NETCDF compression
Added by Stefan Hagemann about 2 months ago
Hi!
Currently, CDO is using NETCDF data compression via deflate (option -z zip_2) according to the manual. Today I was attending a talk of Anna Fuchs (DKRZ) who criticised DEFLATE as being slow and outdated. She recommended using compression based on lz4, and mentioned that related filters are already available. Is it planned to introduce netcdf data compression based on lz4 into CDOs?
Replies (1)
RE: NETCDF compression - Added by Uwe Schulzweida about 1 month ago
Hi Stefan,
NetCDF4/HDF5 filter support has been available since CDO release 2.4.3. The --filter <filterspec> option can be used to specify filters for compressing the data.
The filter specification consist of a filter id, a comma, and then a sequence of comma separated constants representing the parameters (see: https://docs.unidata.ucar.edu/netcdf-c/4.9.2/filters.html#filters_syntax)
The number of parameters depends on the selected filter, here is a list of registered filters.
Filters are installed as dynamic libraries, called plugins. If a required filter plugin is not available, it can be installed by the user in a separate plugin directory. The environment variable HDF5_PLUGIN_PATH is used to refer to plugins directories.
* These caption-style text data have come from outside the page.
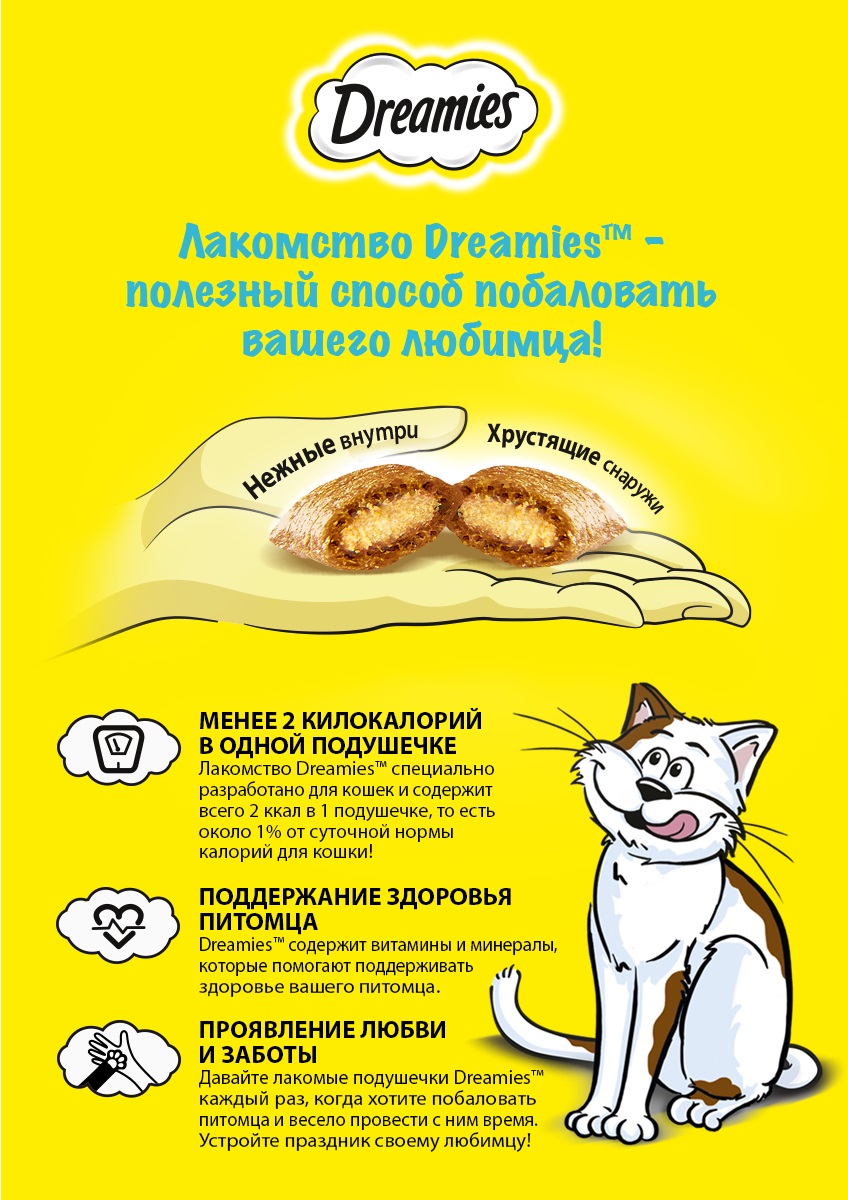 Лакомство для кошек Dreamies, Лакомые подушечки с сыром, 140г
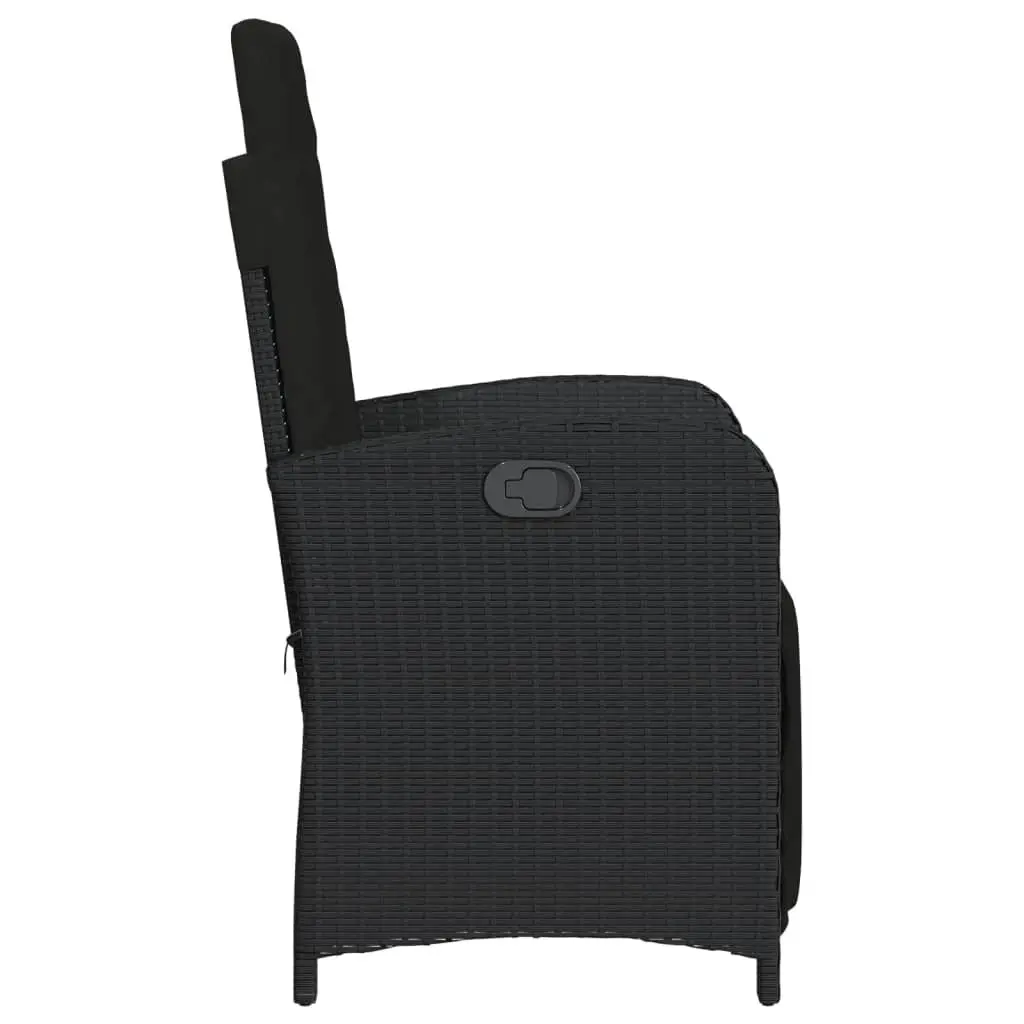 3 Piece Bistro Set Black Outdoor Garden Furniture Cushioned Seating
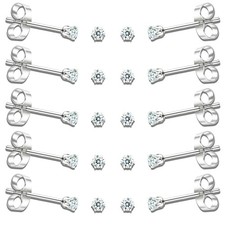 10 Pairs Small Stud Earrings for Women   Hypoallergenic Small, Silver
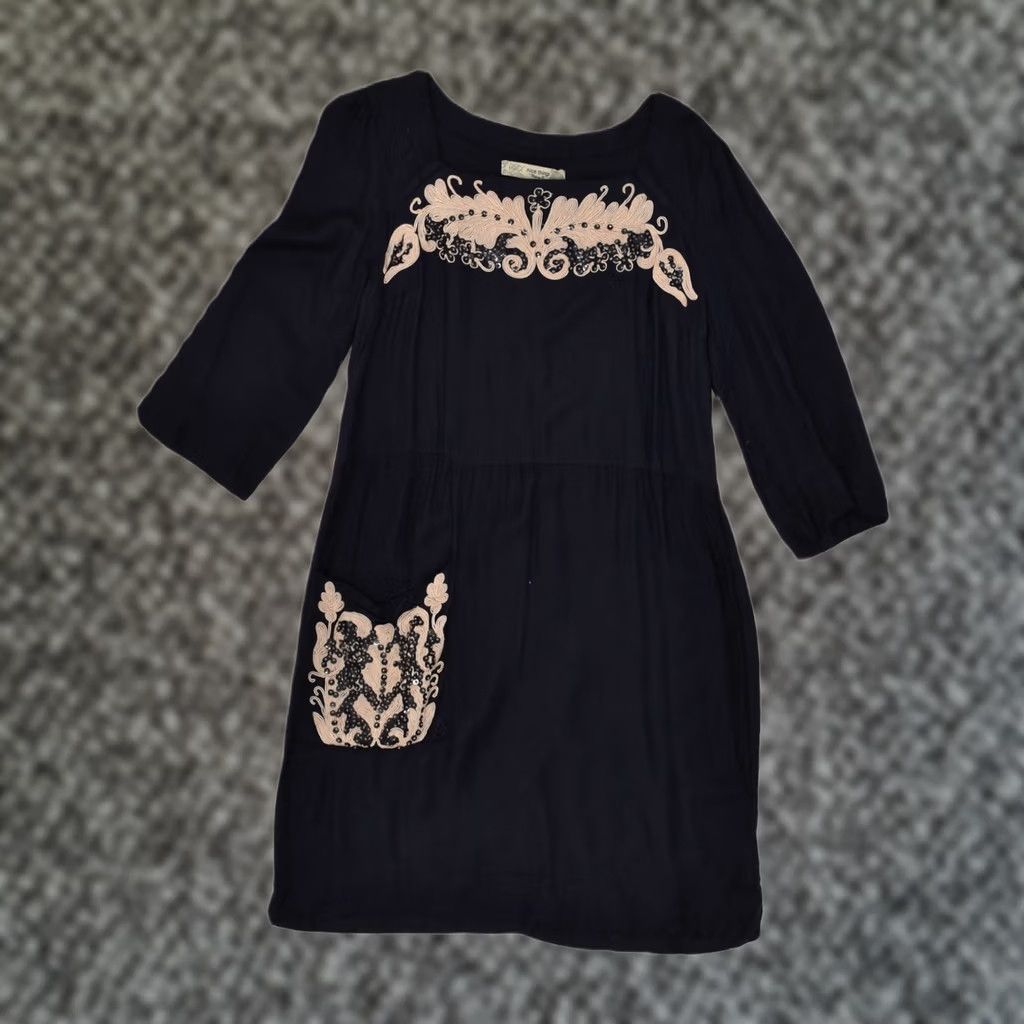 Vintage VINTAGE Womens Tunic Dress UK 12 Medium Navy Blue Polyester Size M / US 6-8 / IT 42-44 - 1 Thumbnail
If a filter plugin is not found, CDO terminates with an error message. If the filter parameters are not specified correctly, CDO is cancelled unexpectedly by the netCDF library. Unfortunately, I have not yet found a list with the necessary parameters for all filters.
The filter LZ4 is mostly used in combination with the BLOSC filter. BLOSC has the filter ID 32001 and requires 7 parameters.
Here is an example:
export HDF5_PLUGIN_PATH=/work/kv0653/spack-flo/netcdf-c-4.9.0-7katv4/plugins cdo -f nc4 --filter 32001,0,0,0,0,5,2,1 copy infile outfileThe first four parameters are 0 and set by the NetCDF library. Parameter 5 is the compression level. Parameter 6 is for shuffling, 2 means bit-wise shuffle. Parameter 7 is the subcompressor, 1 stands for LZ4.
Compressed data can only be read if the filter plugins are also available when reading the data.
There are also two new filter operators in CDO:
- setfilter: sets the NetCDF4 filter specification for selected variables
- showfilter: Prints NetCDF4 filter specification of all variables
Cheers,
Uwe